As Eragon opens, we’re introduced to the title grapheme (Edward Speleers), a brigham Young farm boy who has yet to venture outside the confines of his tiny village. After his brother flees (to annul being drafted by hostile forces), Eragon finds himself alone until he becomes the unsuspecting recipient of a mysterious, virtually extinct creature called a dragon.

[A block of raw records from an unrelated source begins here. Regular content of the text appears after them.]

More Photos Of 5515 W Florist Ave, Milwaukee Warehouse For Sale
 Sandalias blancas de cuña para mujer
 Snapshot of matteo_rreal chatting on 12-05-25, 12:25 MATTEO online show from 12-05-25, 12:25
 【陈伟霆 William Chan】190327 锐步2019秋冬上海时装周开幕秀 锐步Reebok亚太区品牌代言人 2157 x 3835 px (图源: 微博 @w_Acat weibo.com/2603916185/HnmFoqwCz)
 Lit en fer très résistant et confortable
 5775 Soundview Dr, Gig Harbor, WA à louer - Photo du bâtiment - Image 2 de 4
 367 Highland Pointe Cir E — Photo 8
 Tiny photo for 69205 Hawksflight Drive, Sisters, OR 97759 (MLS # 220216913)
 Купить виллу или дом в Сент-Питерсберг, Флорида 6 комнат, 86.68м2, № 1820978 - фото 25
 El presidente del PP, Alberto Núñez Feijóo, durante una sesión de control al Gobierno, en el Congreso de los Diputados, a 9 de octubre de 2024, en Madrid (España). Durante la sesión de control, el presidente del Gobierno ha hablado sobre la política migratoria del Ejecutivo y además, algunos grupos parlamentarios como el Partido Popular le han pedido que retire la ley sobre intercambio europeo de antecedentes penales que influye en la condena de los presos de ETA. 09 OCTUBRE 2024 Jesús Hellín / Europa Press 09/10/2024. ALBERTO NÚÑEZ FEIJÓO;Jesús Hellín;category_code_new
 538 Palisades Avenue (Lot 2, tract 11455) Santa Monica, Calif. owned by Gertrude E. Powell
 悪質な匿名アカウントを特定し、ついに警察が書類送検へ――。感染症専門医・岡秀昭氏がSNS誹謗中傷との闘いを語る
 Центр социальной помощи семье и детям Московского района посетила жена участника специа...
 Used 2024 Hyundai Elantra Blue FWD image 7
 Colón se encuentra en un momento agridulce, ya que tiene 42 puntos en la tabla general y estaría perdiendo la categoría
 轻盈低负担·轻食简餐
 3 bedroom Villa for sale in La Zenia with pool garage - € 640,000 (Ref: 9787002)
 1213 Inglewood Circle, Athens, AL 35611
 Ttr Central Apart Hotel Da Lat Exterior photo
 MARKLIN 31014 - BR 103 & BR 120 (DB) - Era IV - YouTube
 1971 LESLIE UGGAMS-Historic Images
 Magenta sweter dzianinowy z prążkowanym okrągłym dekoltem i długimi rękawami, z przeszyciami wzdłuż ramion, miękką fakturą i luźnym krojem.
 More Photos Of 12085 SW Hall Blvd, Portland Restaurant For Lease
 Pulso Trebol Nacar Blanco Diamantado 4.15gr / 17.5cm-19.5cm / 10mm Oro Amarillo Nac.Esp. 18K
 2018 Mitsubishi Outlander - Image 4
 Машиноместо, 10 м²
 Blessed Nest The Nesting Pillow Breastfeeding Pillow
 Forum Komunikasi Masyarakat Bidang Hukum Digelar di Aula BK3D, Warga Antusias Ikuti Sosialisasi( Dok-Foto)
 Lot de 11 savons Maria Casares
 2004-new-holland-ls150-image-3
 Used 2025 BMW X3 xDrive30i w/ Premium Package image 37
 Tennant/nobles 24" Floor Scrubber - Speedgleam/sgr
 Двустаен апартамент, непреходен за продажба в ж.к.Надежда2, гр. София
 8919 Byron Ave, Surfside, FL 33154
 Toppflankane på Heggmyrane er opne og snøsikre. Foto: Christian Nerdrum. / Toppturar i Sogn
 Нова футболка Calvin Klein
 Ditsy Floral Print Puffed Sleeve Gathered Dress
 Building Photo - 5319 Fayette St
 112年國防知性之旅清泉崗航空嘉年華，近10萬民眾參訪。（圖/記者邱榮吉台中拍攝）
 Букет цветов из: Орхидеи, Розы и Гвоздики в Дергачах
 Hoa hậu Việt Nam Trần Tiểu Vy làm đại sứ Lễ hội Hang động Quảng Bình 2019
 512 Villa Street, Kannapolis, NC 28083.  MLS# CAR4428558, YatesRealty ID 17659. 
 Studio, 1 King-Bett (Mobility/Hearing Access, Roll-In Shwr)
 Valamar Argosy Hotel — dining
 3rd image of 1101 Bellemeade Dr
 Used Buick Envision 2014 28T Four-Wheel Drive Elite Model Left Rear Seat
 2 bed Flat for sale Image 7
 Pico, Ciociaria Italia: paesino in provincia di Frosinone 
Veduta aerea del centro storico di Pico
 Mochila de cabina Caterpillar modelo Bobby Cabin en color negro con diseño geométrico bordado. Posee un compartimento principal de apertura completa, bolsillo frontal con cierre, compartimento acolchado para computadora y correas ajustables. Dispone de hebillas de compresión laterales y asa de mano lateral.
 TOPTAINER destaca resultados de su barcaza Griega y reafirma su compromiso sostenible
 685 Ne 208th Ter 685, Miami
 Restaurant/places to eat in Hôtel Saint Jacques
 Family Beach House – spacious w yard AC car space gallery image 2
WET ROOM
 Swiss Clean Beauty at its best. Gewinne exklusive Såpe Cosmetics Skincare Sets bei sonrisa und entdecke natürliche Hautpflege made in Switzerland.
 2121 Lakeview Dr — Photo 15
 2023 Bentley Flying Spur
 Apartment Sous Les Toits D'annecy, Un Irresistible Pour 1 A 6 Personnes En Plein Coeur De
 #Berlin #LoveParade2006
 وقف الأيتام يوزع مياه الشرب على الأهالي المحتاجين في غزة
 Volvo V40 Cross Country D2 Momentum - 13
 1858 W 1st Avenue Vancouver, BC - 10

Before long, Eragon discovers, through the aid of a mystifying old timer (veteran Jeremy Irons), that he and the tartar are evermore linked, and that they might be the key to stopping the forces of immorality from ruling the satellite.
As is the case in the Tolkien and Lucas universes, this story is glass full of strange creatures, ruthless villains (here, the leader of the baddies is an underused King John Malkovich), witching powers, and an age old "good vs. evil" motif.
Newcomer Edward Speleers ne’er appears solely comfortable in the pencil lead, but I suppose it’s safe to say Crisscross Hamil wasn’t exactly a master player either. Thankfully, Speleers has a warm supporting cast to pack away a little bit of press. Jeremy Irons is forced to narrate some in truth cringe-inducing dialogue, but he’s such a pro, that the words are a fairly easy to digest. As antecedently stated, Gospel According to John Malkovich doesn’t do much here. He’s stands just about barking orders, but it’s safe to say that he’ll feature a more than prominent character in the sequels (Eragon is the first of a proposed–you guessed it–trilogy) should this film make enough money to stock-purchase warrant one. Robert Carlyle (The Full Monty) has the most merriment as an evil thaumaturgist type with awesome powers. He winces and makes terrifying faces the entire time he’s on sieve, but what really upset the netherworld out of me is, if he’s so damn powerful, then why didn’t he simply kill Malkovich and read over the planet? Once again, maybe this is something that volition be addressed in the sequel. Or, maybe I should just run out and buy the quran.
The exceptional effects are decent sufficiency. The tartar is a lovely CGI creation, although I don’t know that I was as impressed by this one as I was by the one in the dissatisfactory Dragonheart (some other flick Eragon greatly resembles). How did I feel about the fact that the dragon in this picture is voiced by the stunning Rachel Weisz? Well, it sort of takes the menacing quality out of the character. Seriously! I was more than interested in making loss, hot sexual love to the dragon than fearing it.
Eragon’s biggest downfall is in the direction. Lots of the film is clumsy in terms of overall death penalty (the low gear scene in which Eragon takes flight, is fabulously sloppy) simply worst of all, theater director Stefen Fangmeier goes small rather than big. For this flick to really come alert, it required to be splashed on a much broader canvass. As it stands, everything feels rush and underdeveloped. Things ar over earlier they rattling begin. Dissimilar Star Wars and Noble of the Rings and even other dragon epics like the 80’s treasure Dragonslayer, Eragon always feels rinky dINK. For the love of Pete, this movie’s about a dragon! It’s supposed to be super sized!